Throughout Europe, Asia, and Central and South America blood sausages, also known as blood pudding or black pudding, are part of the everyday staple diet. But not so here in America.
Depending on the particular culture the ingredients begin with raw blood from farm animals or wild game and fowl, and will include such fillers as onions, rice, buckwheat, rye flour, barley, oatmeal, even potatoes to absorb the liquid - plus a wide range of spices. During the holidays special ingredients such as apples, nuts, raisins, and cream can be added to make it an extra-special treat. It can be served like a pudding in neat little rounds or squares, or squeezed into a sausage casing.
My rich employers like to try exotic fare and prefer costly artisan sausages of course - their favorite recipe being venison blood, wild rice, pinion nuts and French cognac within the sausage, and a wild-mushroom sauce on top.
For some reason however, blood sausage never really made it big in the United States. I'm not sure why that is, but I suspect it has something to do with the Puritans who introduced many elements that underlie the American culture. Perhaps they had an abhorrence to pagan blood sacrifices. Who knows?
Having said that, you can find it in many ethnic neighborhoods across America. Or you can get on Google and ask "where to buy blood sausage" in your city. Some of these specialty shops, if paid well enough, will make your recipe to order. Which is precisely what I resort to since I'm not about to make it myself.
It's not really hard to prepare, but it's time consuming and will cost you a fortune. It requires a full-service butcher shop (very rare in America) that offers up every part of the animal from brains and stomachs to tongue and blood - and you might pay a hundred bucks for a gallon of fresh blood. If you're adventurous and dedicated to your job as butler you might find a local slaughter house that would let you fill up a gallon of fresh blood yourself - which I'm not about to do. I'd rather find a new job in a house full of Puritans.

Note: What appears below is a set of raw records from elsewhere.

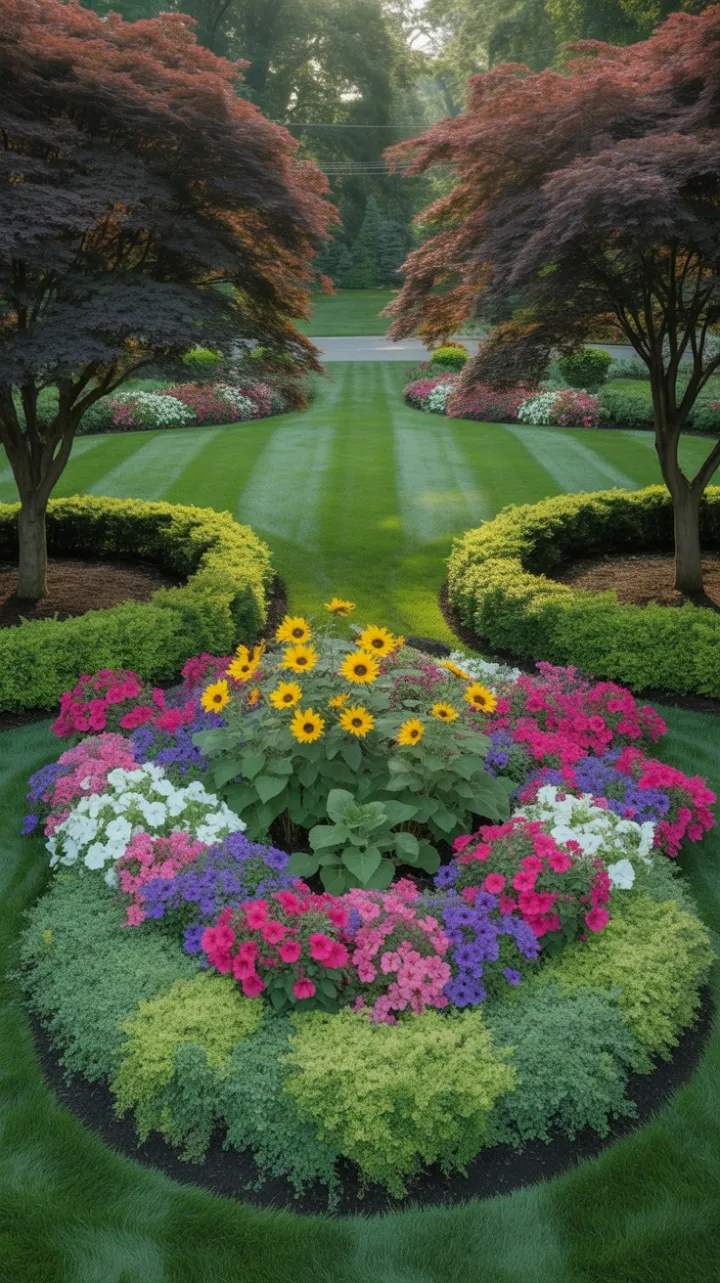 Sunlit Symmetry – Japanese Maples Framing a Blooming Front Yard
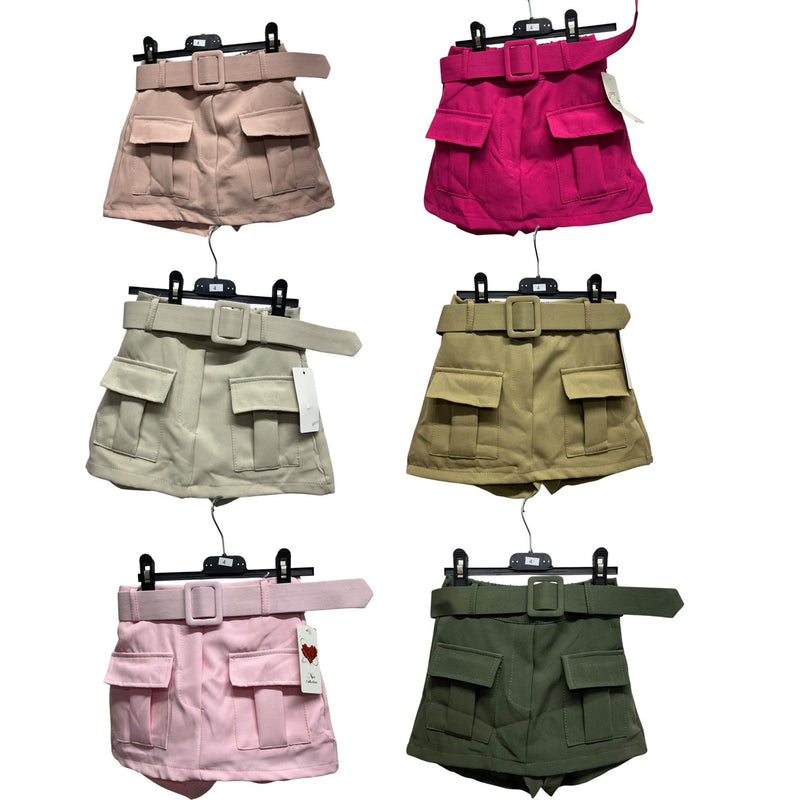 Girls Cargo Style Skorts With Belt 3913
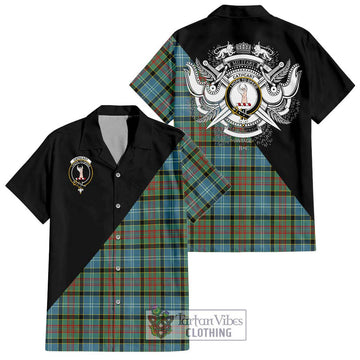 Cathcart Tartan Short Sleeve Button Shirt with Family Crest and Military Logo Style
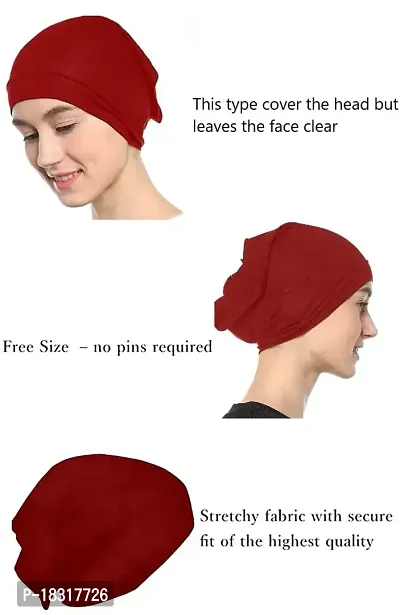 Nazneen Women's Tube Hijab Bonnet Cap Under Scarf Pullover Combo 2 Piece (Maroon  Navy Blue)-thumb4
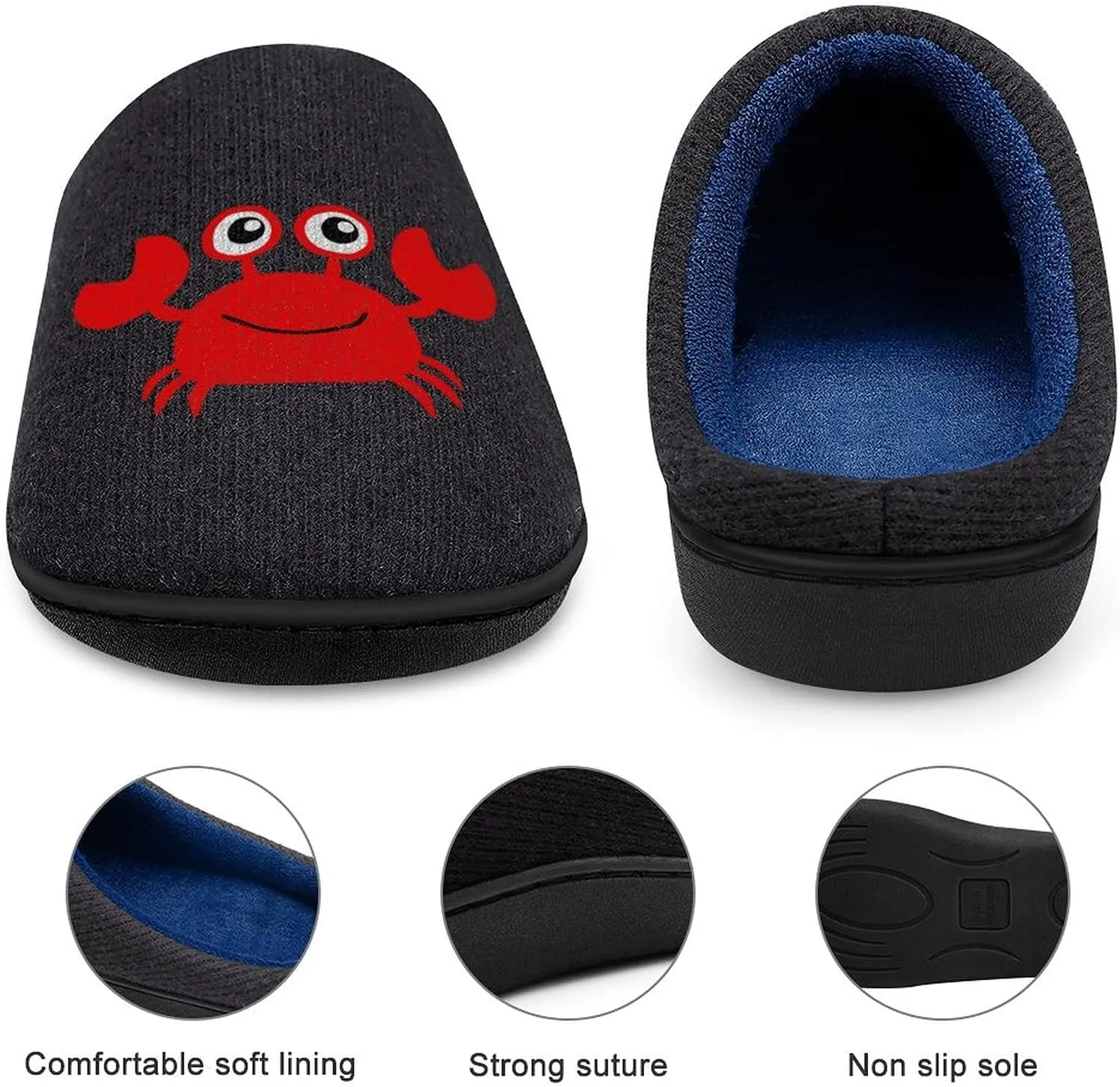 Cute Crab Women's Knitted Cotton Slippers Soft Comfort Warm House Casual Shoes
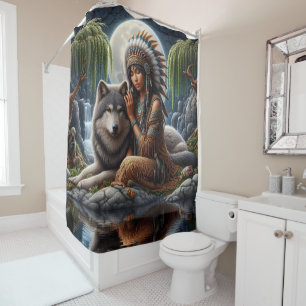 Native Indian and wolf share moonlight Shower Curtain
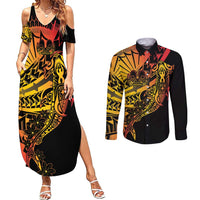 Gradient Marquesas Islands Couples Matching Summer Maxi Dress and Long Sleeve Button Shirt Marquesan Matatiki Hammerhead Shark Patutiki LT14 Yellow - Polynesian Pride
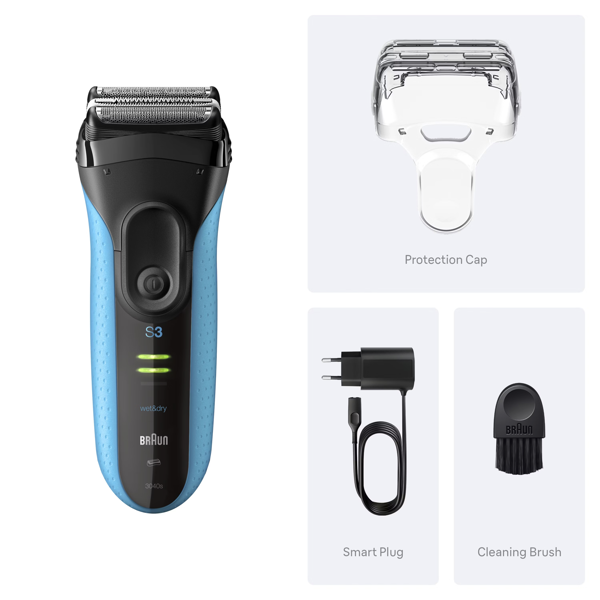 Braun Series 3+ 3040S Electric Shaver, Precision Trimmer, Wet & Dry - Blue
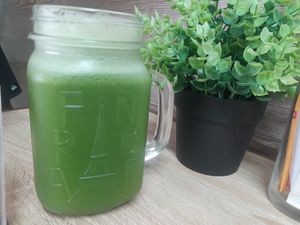 The detox cucumber, ginger, and pineapple juice is a must-try.
Freshly prepared

Detox/ anti-inflammatory/ good for digestion at Maison des Crêpes in Grand Baie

But if you're looking for something unique and exotic to serve for the holidays you might give a thought to blood puddings - served in neat little rounds or squares, or squeezed inside a sausage casing - and they can be bland, spicy, or sweet, depending on your event and palate. Indeed, if some of your family members or friends have any noticeable vampire tendencies, whether overt or latent, this might be just the thing.